By Daniel R. Ogidiagba MSc.
Decision making is defined as the selection of a course of action from among alternatives.
Decision making is at the central of planning (core of planning). A plan cannot be said to exist unless a decision –commitment of resources, direction or reputation has been made.
It is therefore pertinent to note that decision making is, however, only a step in planning.
Even when it is done rapidly and with the least minute thought or when it influences action for only a few minutes, it is a part of planning. It is also a part of everyone’s daily life.
It is expected of a manager to take rational decisions, but a manager must on the other hand, settle for limited or bounded rationality.

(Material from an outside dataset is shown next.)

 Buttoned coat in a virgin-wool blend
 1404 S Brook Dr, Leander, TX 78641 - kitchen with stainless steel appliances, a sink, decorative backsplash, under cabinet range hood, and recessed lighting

Even if a manager tries with a fixed determination to be completely rational, he must on the other hand settle for limited or bounded rationality.

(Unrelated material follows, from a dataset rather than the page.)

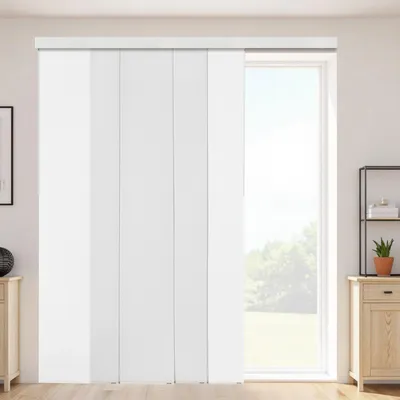 A white panel blind system covering a large window in a room with wooden flooring and furniture.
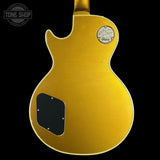 The back of a vintage Gibson Les Paul Custom electric guitar in a metallic gold finish, featuring a black pickguard and a circular Gibson logo badge on the upper back, shown against a solid black background.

In other words, limitations of Information, Time, and Certainty inhibit rationality. Since managers cannot be completely rational in practice, they sometimes allow their dislike of risk, their desire to play safe to interfere with the desire to reach the best solution under the circumstances. Herbert Simon called this satisficing, that is, picking a course of action that is satisfactory or good enough under circumstances.
In spite of the fact that managerial decisions are made with a desire to scale through as safely as possible, most managers do attempt to make the best satisficing decisions that they can within the limits of rationality and in light of the degree and nature of the risks involved.